● **SUPPLIED INFORMATION**

┄┄┄┄┄┄

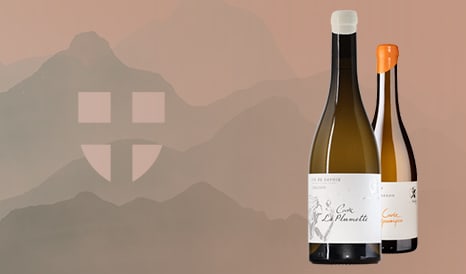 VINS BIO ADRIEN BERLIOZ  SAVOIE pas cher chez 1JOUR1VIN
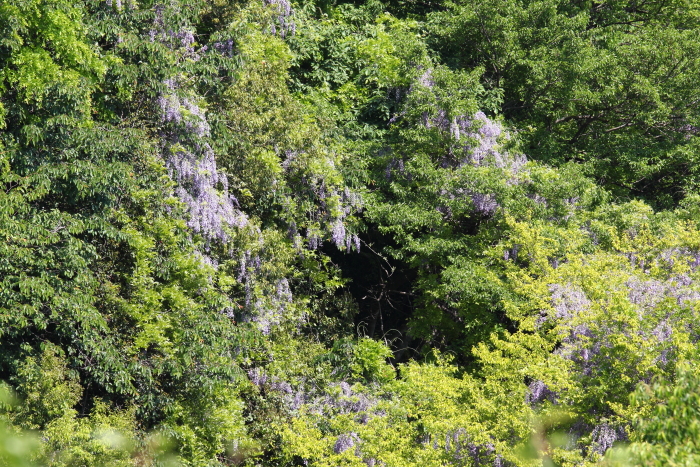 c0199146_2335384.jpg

┄┄┄┄┄┄

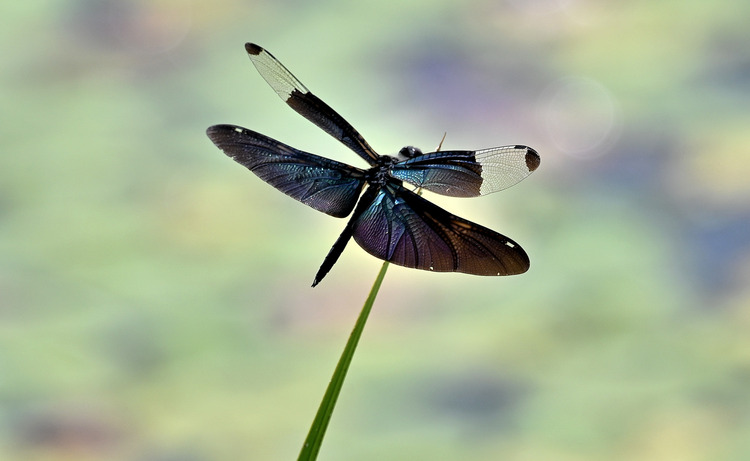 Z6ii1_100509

┄┄┄┄┄┄

● **DIRECTIONS FOR THIS TASK**
Would you restate, exactly and with no pictures, the lines of the entries above from the one containing "VINS BIO ADRIEN" through the one containing "c0199146_2335384.jpg"?

● **WRITTEN RESPONSE**
 VINS BIO ADRIEN BERLIOZ  SAVOIE pas cher chez 1JOUR1VIN
 c0199146_2335384.jpg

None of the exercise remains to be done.